- [Exercise aim] The response should repeat word for word every line below from the one with "Cat Bundle –" to the one with "For Rent: $2,300", inclusive, and nothing else; leave pictures out.

---*---

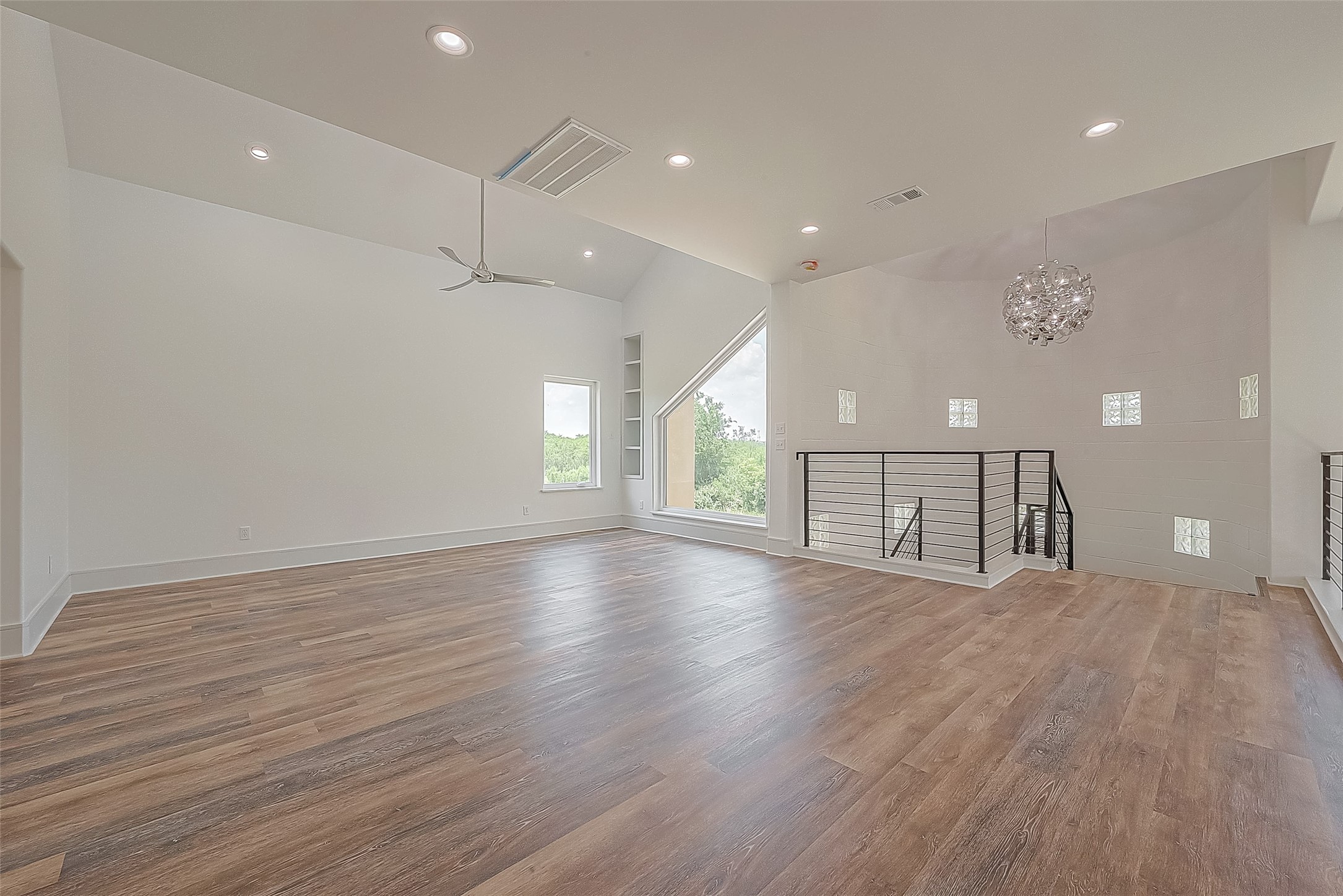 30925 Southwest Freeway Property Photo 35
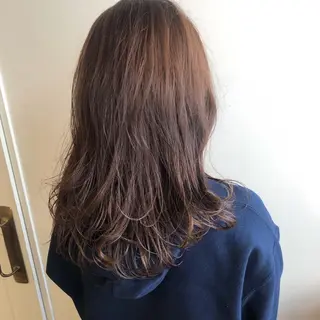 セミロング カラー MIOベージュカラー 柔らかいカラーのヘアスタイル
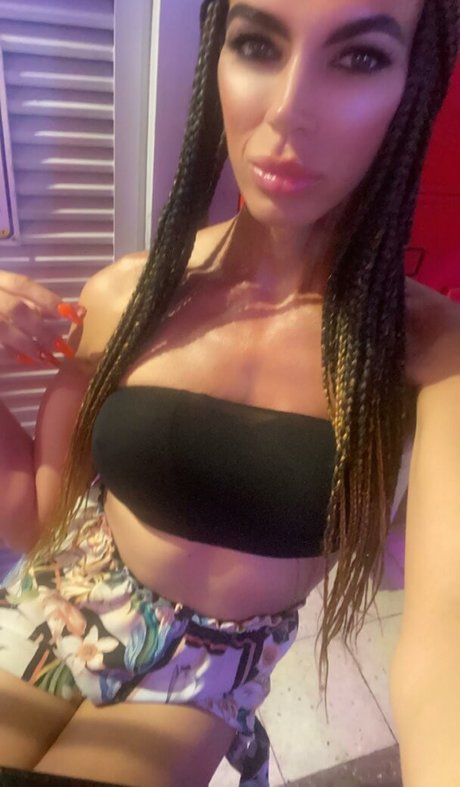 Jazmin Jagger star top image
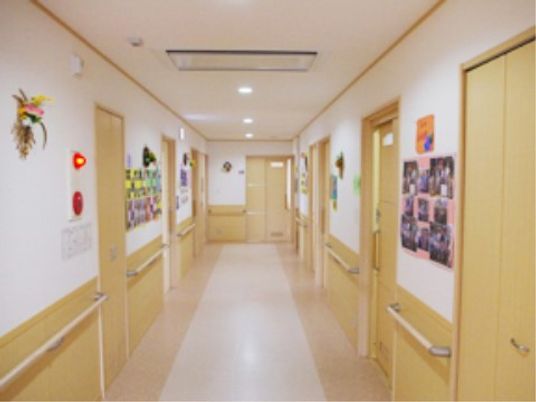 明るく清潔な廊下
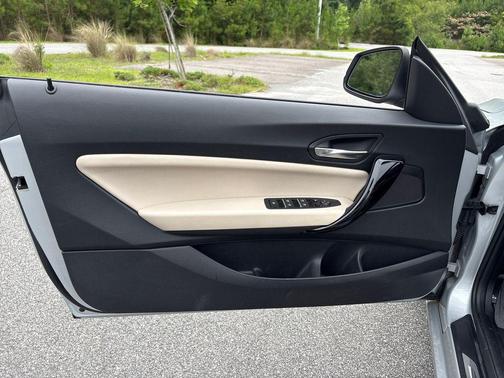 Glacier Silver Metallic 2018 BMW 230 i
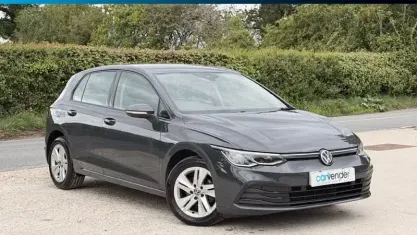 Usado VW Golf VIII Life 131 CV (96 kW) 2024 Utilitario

---*---

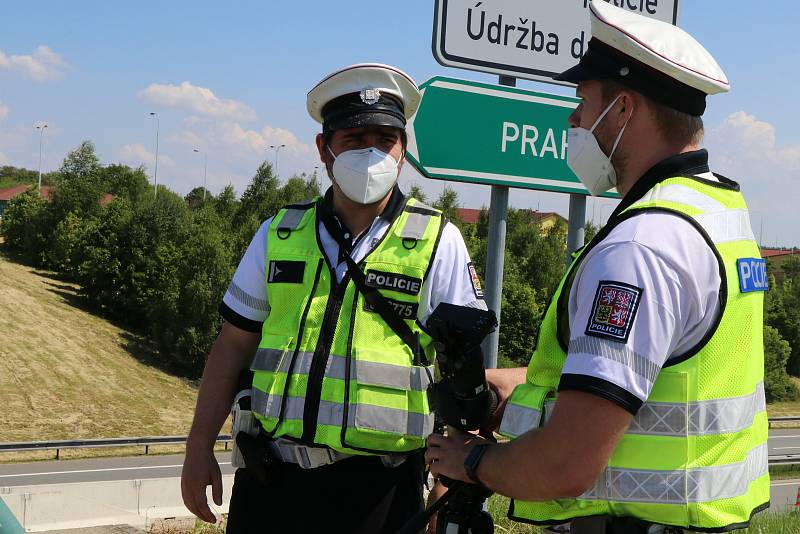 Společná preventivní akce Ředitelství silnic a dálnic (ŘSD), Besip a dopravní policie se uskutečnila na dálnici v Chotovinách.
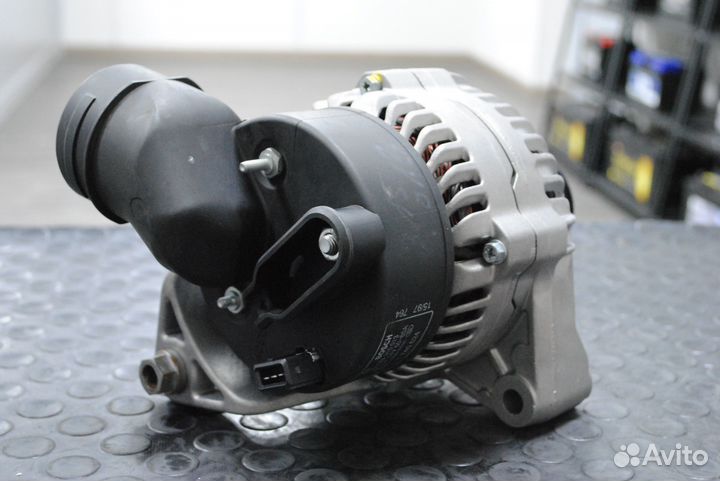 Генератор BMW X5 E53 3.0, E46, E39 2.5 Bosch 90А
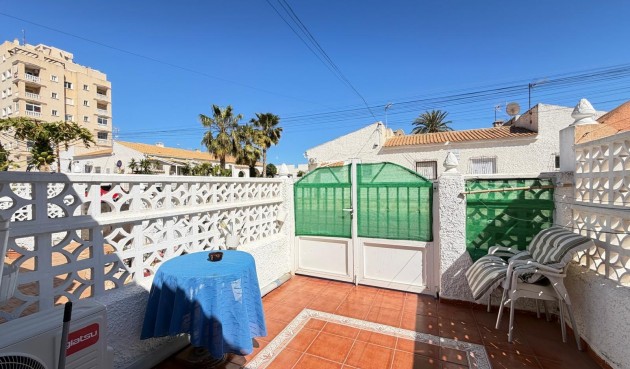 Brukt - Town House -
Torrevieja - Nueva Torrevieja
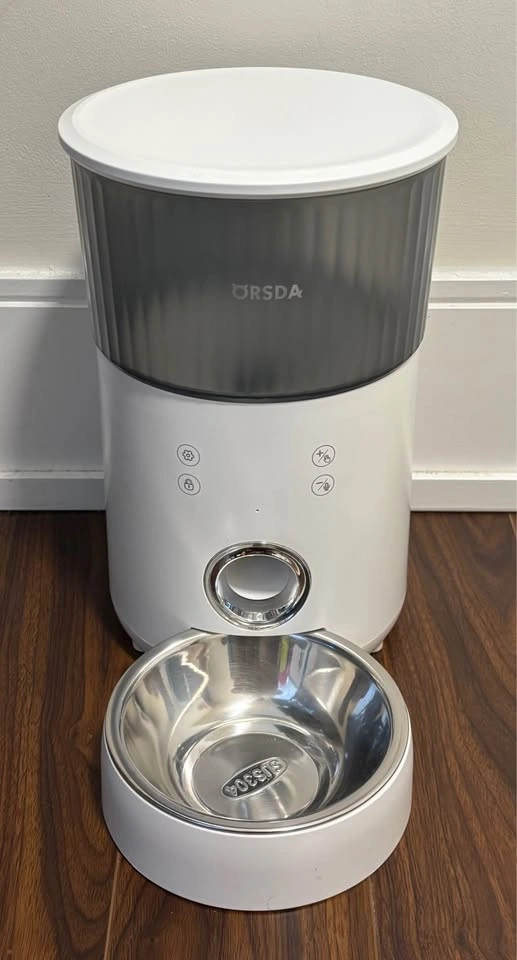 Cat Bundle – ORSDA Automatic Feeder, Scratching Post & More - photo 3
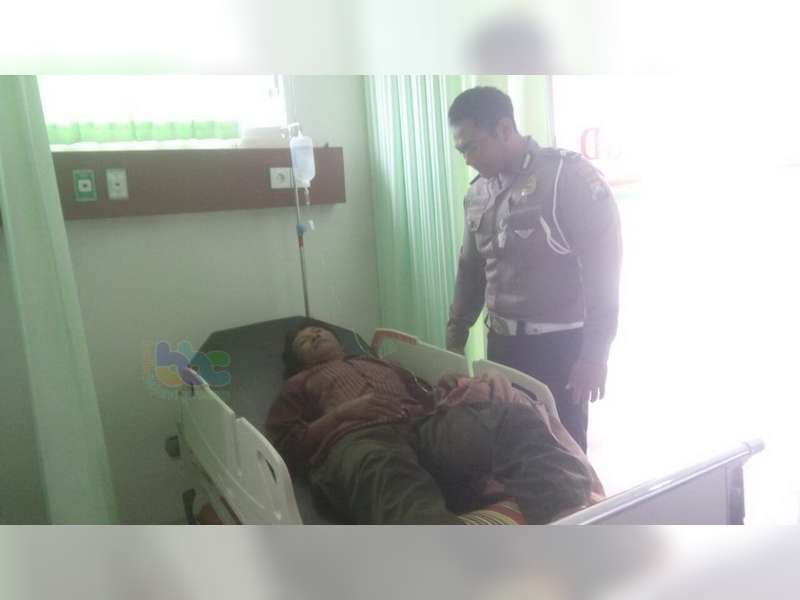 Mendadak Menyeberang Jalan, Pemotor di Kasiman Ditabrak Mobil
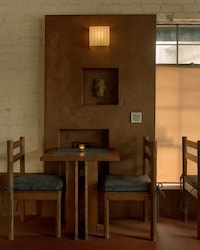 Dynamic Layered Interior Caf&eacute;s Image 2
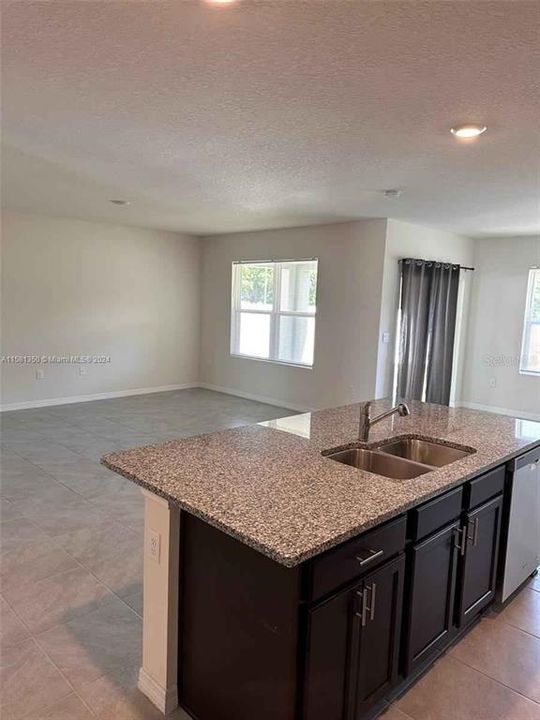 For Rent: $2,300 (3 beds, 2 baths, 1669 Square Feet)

---*---

- [Reply to the task]
 Cat Bundle – ORSDA Automatic Feeder, Scratching Post & More - photo 3
 Mendadak Menyeberang Jalan, Pemotor di Kasiman Ditabrak Mobil
 Dynamic Layered Interior Caf&eacute;s Image 2
 For Rent: $2,300 (3 beds, 2 baths, 1669 Square Feet)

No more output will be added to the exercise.